В переводе Аполлона Григорьева (1864) это звучит так:
На харю — харя! Смело выдаю
Я безобразие своё теперь
Всем любопытным взорам; на съеденье.
Пусть за меня краснеет эта рожа!
В прозаическом переводе Кетчера (1866) так:
Маску на маску! — не беда теперь, если какой-нибудь любопытный глаз и подметит безобразие — краснеть за меня этой прикрышке.
У Каншина, ещё в одном прозаическом переводе, 1893 года, так:
Если чей-нибудь любопытный взгляд заподозрит моё безобразие, мне, с этим лицом на лице, такое любопытство не страшно; не мне самому придётся краснеть за своё безобразие, а только моим густым бровям.
Вопрос, могут ли покраснеть брови, мы сейчас рассматривать не станем.
Соколовский в 1894 году предлагает такой вариант:
Закрою рожу рожей я! Пускай
Смеётся, кто желает, над моей
Наружностью! Надел я медный лоб —
Пусть за меня краснеет он и плачет.
У Михаловского в 1899 году слова Меркуцио переведены следующим образом:
На маску — маску. Вот так образина!
Пусть надо мной смеются, — мне-то что?
Пусть за меня краснеет этой хари
Нависший лоб.
Дальше ХХ век.
Радлова в 1934 году переводит так:
На маске — маска. Что за дело мне,
Что строгий взор сочтёт меня уродом?
Пусть за меня поддельный лоб краснеет.
Щепкина-Куперник, академический наш канон, в 1941 году:
Личина — на личину. Ну, теперь,
Коль строгий взор во мне изъян заметит,
Пусть за меня краснеет эта харя.
Пастернак в 1942 году:
Ну, вот и всё, и на лице личина.
Теперь пусть мне что знают говорят:
Я ряженый, пусть маска и краснеет.
И, наконец, Сорока в издании 1991 года:
Под образ дайте спрятать образину.
Пускай краснеет маска за меня
Румяная, с нависшими бровями.
Visor — это, конечно, не харя, не рожа и не образ. Это маска, личина, а также забрало, козырёк, защитный щиток, т.е. то, что прикрывает. По Меркуцио то, что он прячет под маску, то бишь, настоящее его лицо — такое же прикрытие. Парадокс в излюбленном поздним Ренессансом ключе: лицо скрывает подлинные чувства, речь — подлинные мысли, нет ничего, что было бы тем, чем предстаёт на первый взгляд.

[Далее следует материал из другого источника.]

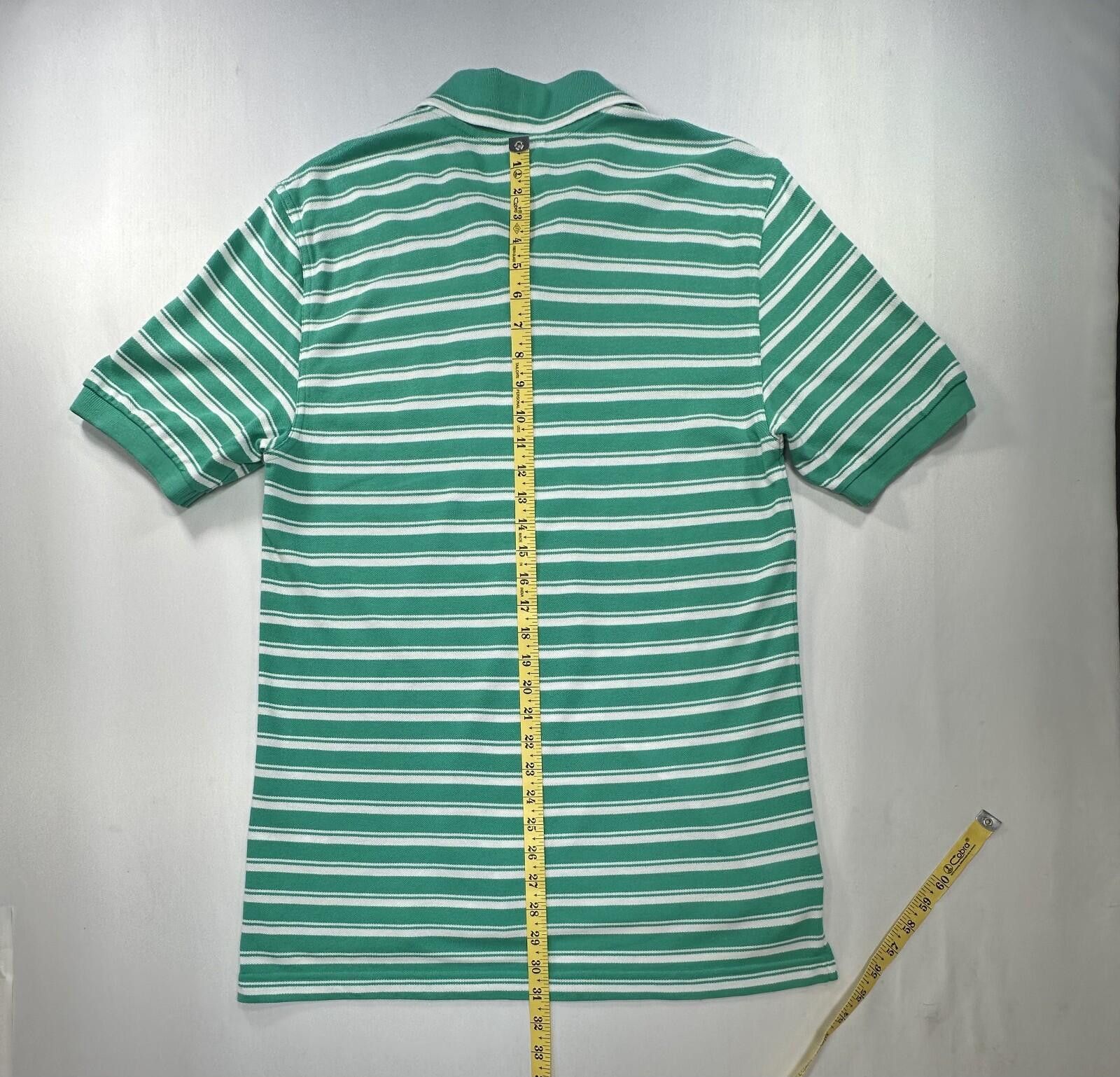Brooks Brothers Brooks Brothers 1/4 Button 346 Polo Shirt Green Mens S Size US S / EU 44-46 / 1 - 3 Thumbnail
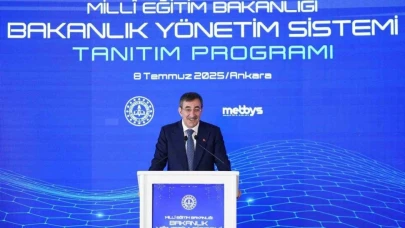 Cumhurbaşkanı Yardımcısı Yılmaz: "Teknoloji dar bir zümrenin kontrolünde olursa toplumsal eşitsizlikleri derinleştirebilir"
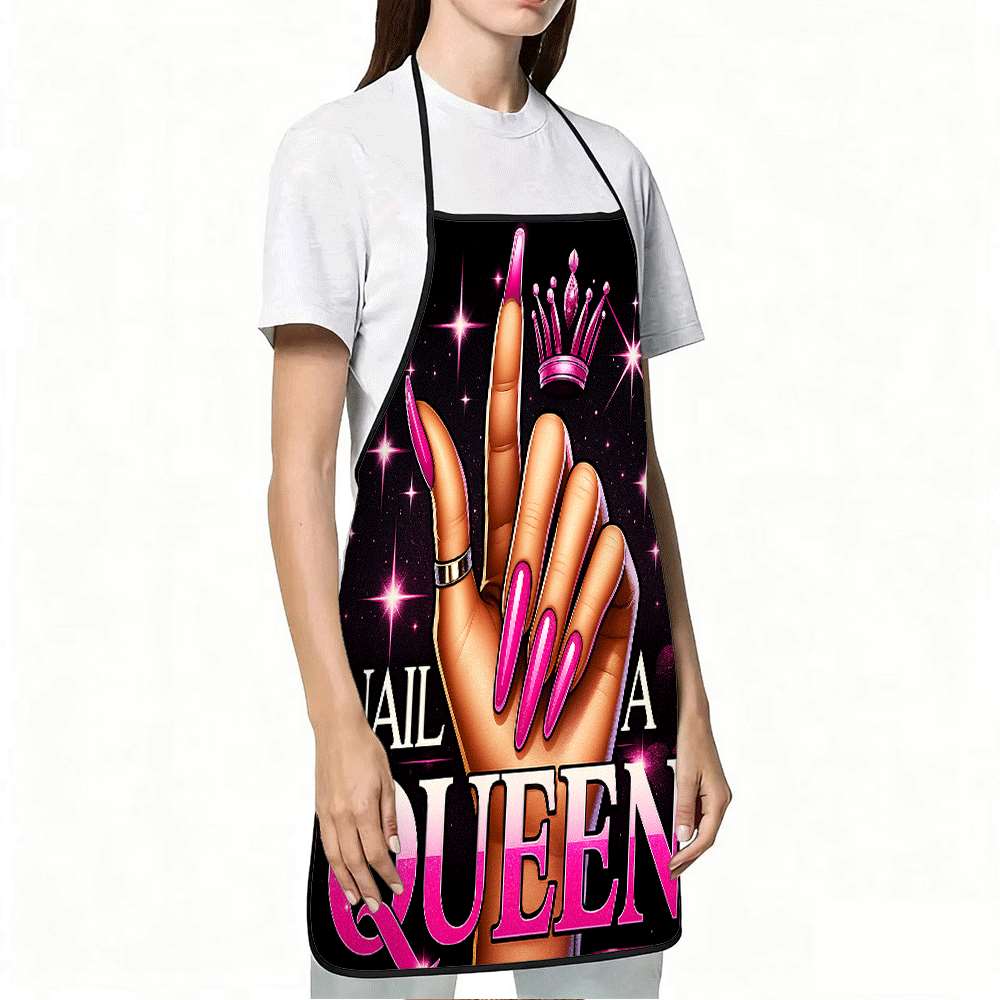 1 Apron Bertema Seni Kuku yang - Art Craft Restaurant ulasan dan harga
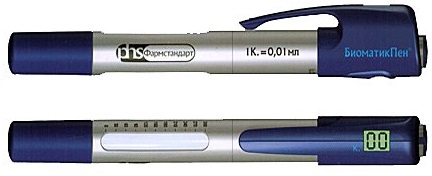 Как выбрать шприц-ручку: совместимость с инсулином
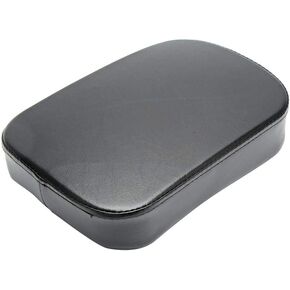 KIMISS Motorcycle Seat Cushion, Motorcycle Universal Pillion Pad Rear Seat Cushion Passenger Saddle with 8 Suction Cup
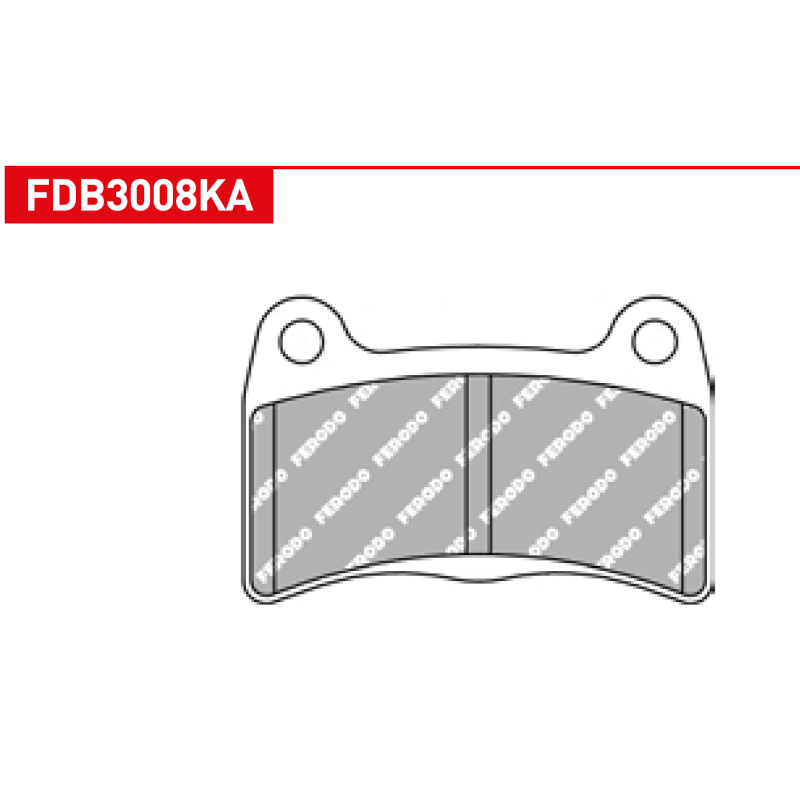 Ferodo FDB3008KA jarrupala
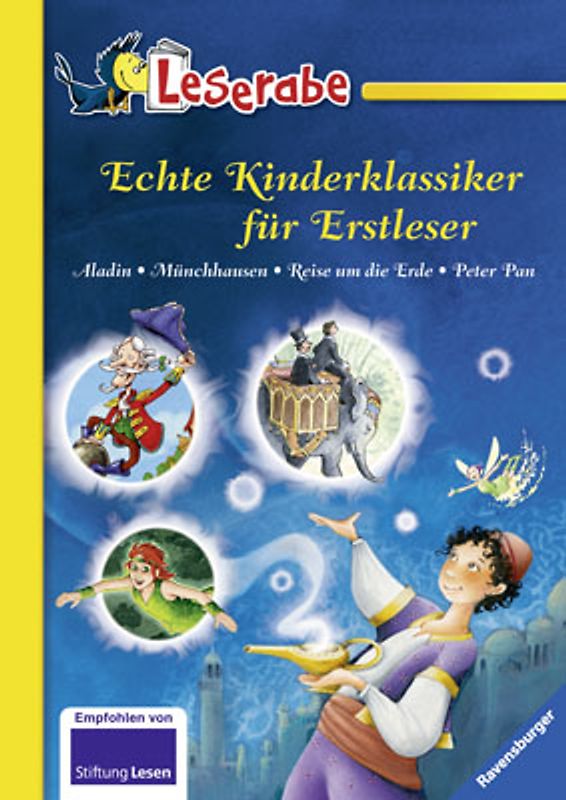 Echte Kinderklassiker für Erstleser, Band 2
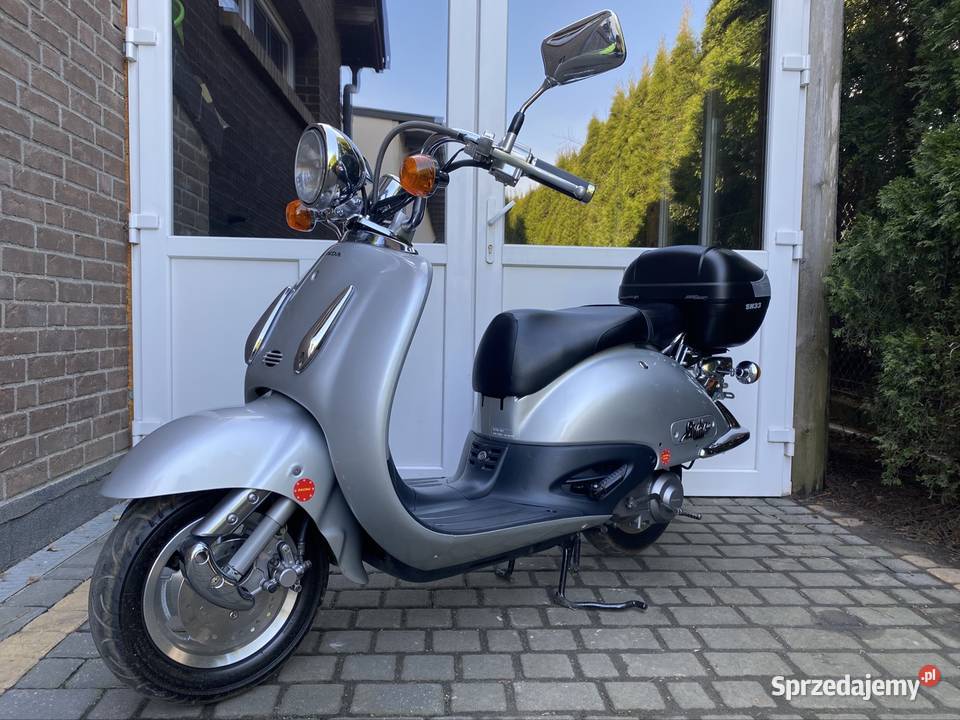 HONDA SRX 90 KULTOWY KLASYK RETRO STYLE VESPA Rokocin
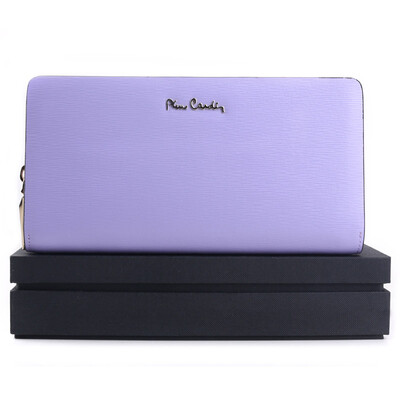 

Pierre кардиган кошелек кошелек кошелек кошелек дикий дам сумка CEA698111F светло-фиолетовый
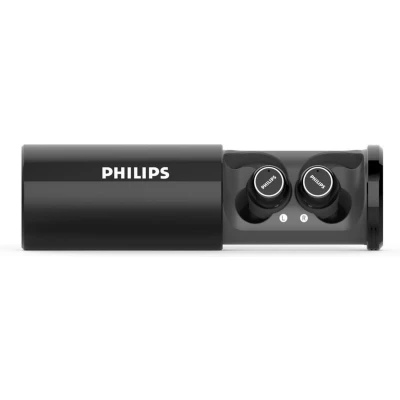 Afbeelding van Philips TAST702/BK Volledig draadloze oordopjes Zwart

Но если тут переводчики в основном следуют Шекспиру, — маска на маску, личина на личину, — то с бровями и лбом чаще уходят куда-то в сторону.
Перво-наперво, что за beetle brows?
Beetle browes в кварто 1599 года, — в кварто 1597 года эту реплику вообще потеряли, пиратское издание, чего вы хотите — beetle-browes в Великом фолио 1623 года; как бы ни хотелось увидеть на Меркуцио брови жучиные, beetle здесь — колотушка, кувалда, то бишь, брови сильно выступают, валиком нависают.
Некоторые комментаторы считают, что речь о верхней части маски, своего рода шутовского колпака, рога которого загнуты вперёд. Тоже вариант, но с чего бы шуту краснеть? Речь скорее о том, что у маски Меркуцио застывшее гротескное выражение, сильно нахмуренные брови и лоб, собранный в мясистые складки. Всё это означает в традиции ренессансной физиогномики гнев, яростную гордость и вообще темперамент холерический. Совсем не от стыда за уродство должна краснеть маска — от ярости.
Надевая маску вспыльчивого гордеца, Меркуцио предоставляет ей гневаться и наливаться кровью при обидных словах. А сам — не будет. Наш любимый острослов и остроумец не только прячет какого-то неведомого, подлинного себя за публичным лицом, как все и всегда, он отказывается пускать глубже карнавальной личины всё, что может задеть, разгневать и помутить разум.
Меркуцио контролирует всё, себя первого.
Вот только за Ромео, выбившимся от любви из привычного строя, не уследил.